Chapter 8: Future of SDN
It is still early days for SDN. Cloud-hosted control planes are being deployed in production networks, but we are only just starting to see SDN being trialed in access networks and programmable pipelines being used to introduce new data plane functionality. Enterprises have adopted network virtualization and SD-WAN to varying degrees, but there are still a lot more traditional networks than software-defined ones. As the technology matures and the APIs stabilize we expect to see increased adoption of the use cases discussed earlier, but it may be new use cases still on the horizon that have the biggest impact on the role SDN eventually plays. Indeed, the ability to support capabilities that were impossible in traditional networks is a great part of the promise of SDN. This chapter looks at two promising examples of emerging capabilities.
8.1 Verifiable Networks
Networks are notoriously difficult to make verifiably robust and secure against failures, attacks, and configuration mistakes. Despite progress on application-level security, little has been done to address the security and robustness of the underlying network infrastructure. And despite progress making computer networks more programmable, most networks are still built using closed/proprietary software and complex/fixed-function hardware, whose correctness is hard to prove and whose design has unknown provenance.
The emergence of 5G networks and applications will only exacerbate the situation. 5G networks will connect not only smart phones and people, but also everything from doorbells, to lights, refrigerators, self-driving cars, and drones.
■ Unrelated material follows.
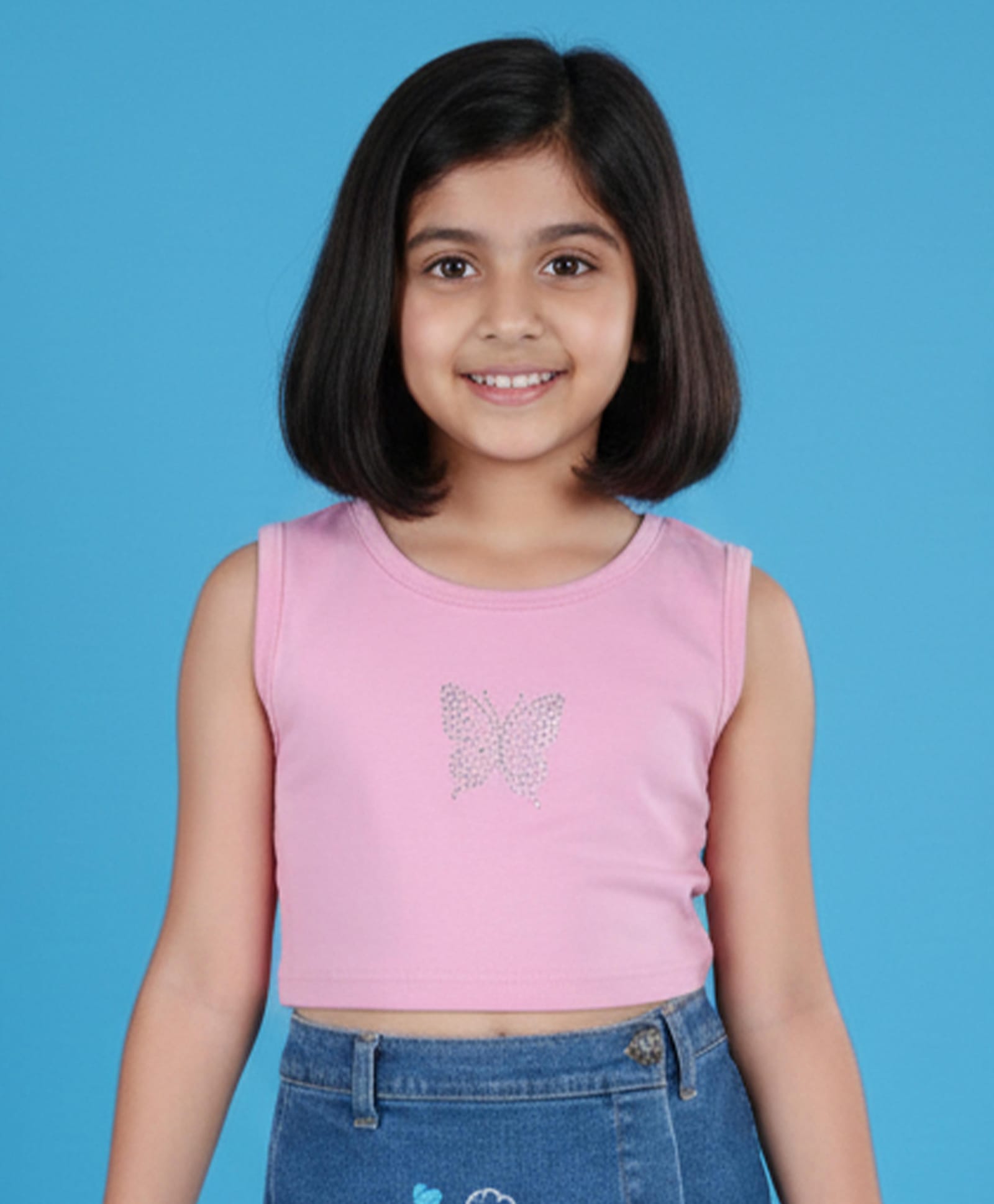 Kiddopanti Cotton Spandex Knit Sleeveless Racer Back Ribbed Butterfly Designed Metal Stud Embellished Crop Top - Baby Pink-picture-13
If we cannot secure these networks, the risk of cyber disasters is much worse than anything experienced to date.
A critical capability for securing the Internet is verifiability: the ability to ensure that every packet in the network follows an operator-specified path and encounters only a set of forwarding rules within every device that the operator intended. Nothing more and nothing less.
Experience has shown that verification works best in settings where the overall system is constructed in a compositional (i.e., disaggregated) manner. Being able to reason about small pieces makes verification tractable, and the reasoning needed to stitch the components together into the composite system can also lead to insights. With disaggregation as the foundation, verifiability follows from (a) the ability to state intent, and (b) the ability to observe behavior at fine granularity and in real-time. This is exactly the value SDN brings to the table, which leads to optimism that verifiable closed-loop control is now within reach.
Further Reading
N. Foster, et. al. Using Deep Programmability to Put Network Owners in Control . ACM SIGCOMM Computer Communication Review, October 2020.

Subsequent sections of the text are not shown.